Il punto è dei più complessi. Mi pare che i due lavori
in esame riescano - e risultino in tal senso complementari - nel mostrare
la possibilità, e forse anche la necessità, di pensare ad
un concetto di nazionalità che non necessariamente coincida con
la comune appartenenza etnica. La comune identità etnica può
essere, infatti, una componente in grado di definire l'identità
nazionale, ma non l'unica. Altre condizioni sono richieste, quali una certa
omogeneità culturale, una omogeneità linguistica, una comune
vita economica. Ma ciò non rende meno problematica una definizione
del principio di nazionalità in grado di contemperare le esigenze
del pluralismo, siano esse intese secondo la logica liberale o secondo
la cosiddetta logica del riconoscimento. Per cominciare, proprio la
definizione
della nazione in termini di comunità immaginaria, frutto di una
cultura (quindi, a rigore, non deterministicamente antecedente ad essa)
- come del resto lo stesso Tamir bene sottolinea, senza però fornire
una definizione veramente alternativa - non consente di distinguere tra
nazioni e altri gruppi culturali, con pesanti conseguenze per la
possibilità
di individuare argomenti a sostegno del diritto all'autodeterminazione
che non finiscano anche con il legittimare indiscriminate forme di
frammentazione
politica e sociale. In secondo luogo, si dovrà stabilire se
sia legittimo individuare, nella storia e nella cultura di una
comunità,
dimensioni che si possano considerare marginali e dimensioni che invece
entrano a pieno titolo ed in maniera essenziale a determinare una cultura.

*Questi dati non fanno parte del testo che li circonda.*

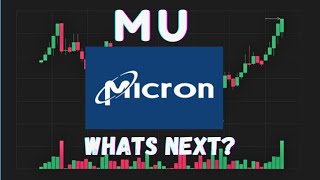 Micron Stock: The Most Underrated AI Play Right Now? 📈 #nasdaq #mustock #micron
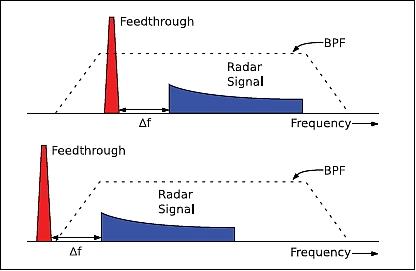 Figure 1: Representation of MicroASAR dechirped signal spectrum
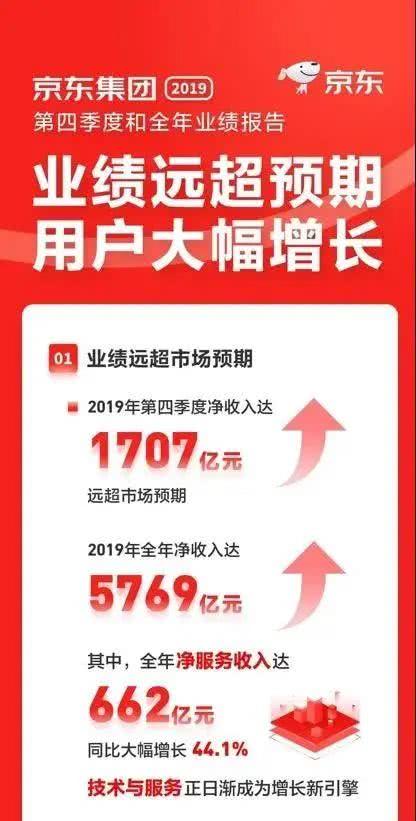 2025最新澳門生肖,京東外賣開啟撒錢地推模式連貫方法評(píng)估_版刺99.42.19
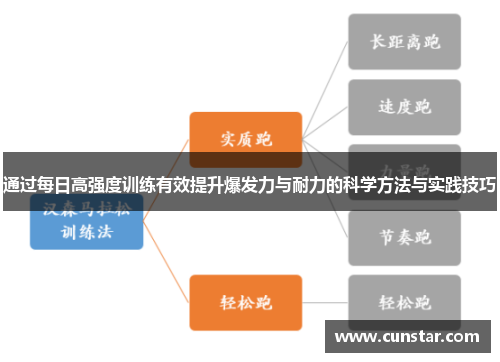 通过每日高强度训练有效提升爆发力与耐力的科学方法与实践技巧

E, ancora, come deve essere fissato il livello dell'omogeneità
culturale
qui richiamata? È infatti incontrovertibile che l'esistenza di culture
assolutamente compatte sia il frutto di visioni stereotipate, essendo ogni
cultura esposta al momento della critica, essendo anzi, in una visione
dinamica, il frutto della costante tensione tra fedeltà alla tradizione
e spinte innovatrici.
Per tutte queste ragioni, la riformulazione di un "nazionalismo
liberale"
sulla base di una definizione del concetto di nazione in termini di
"comunità
culturale" (Tamir, p. 26) non risulta soddisfacente. La falsità
della contrapposizione tra identità di gruppo e identità
nazionale - falsità denunciata da Miller, nel tentativo di congedare
le critiche al nazionalismo avanzate dai sostenitori della "politica della
differenza" e del multiculturalismo radicale - andrebbe dimostrata in modo
più efficace, principalmente sulla base di una più completa
e precisa definizione di cosa debba intendersi per "cultura". Si
tratta di una prospettiva che, a differenza delle enunciazioni programmatiche,
non può giustificare al tempo stesso il principio secondo cui il
pluralismo culturale avrebbe un valore intrinseco e quella che risulta
essere la condizione più "forte" posta da Tamir alla base della
legittimazione dell'autodeterminazione nazionale. Secondo tale condizione,
l'autodeterminazione è legittima, tra le altre cose, solo se (a)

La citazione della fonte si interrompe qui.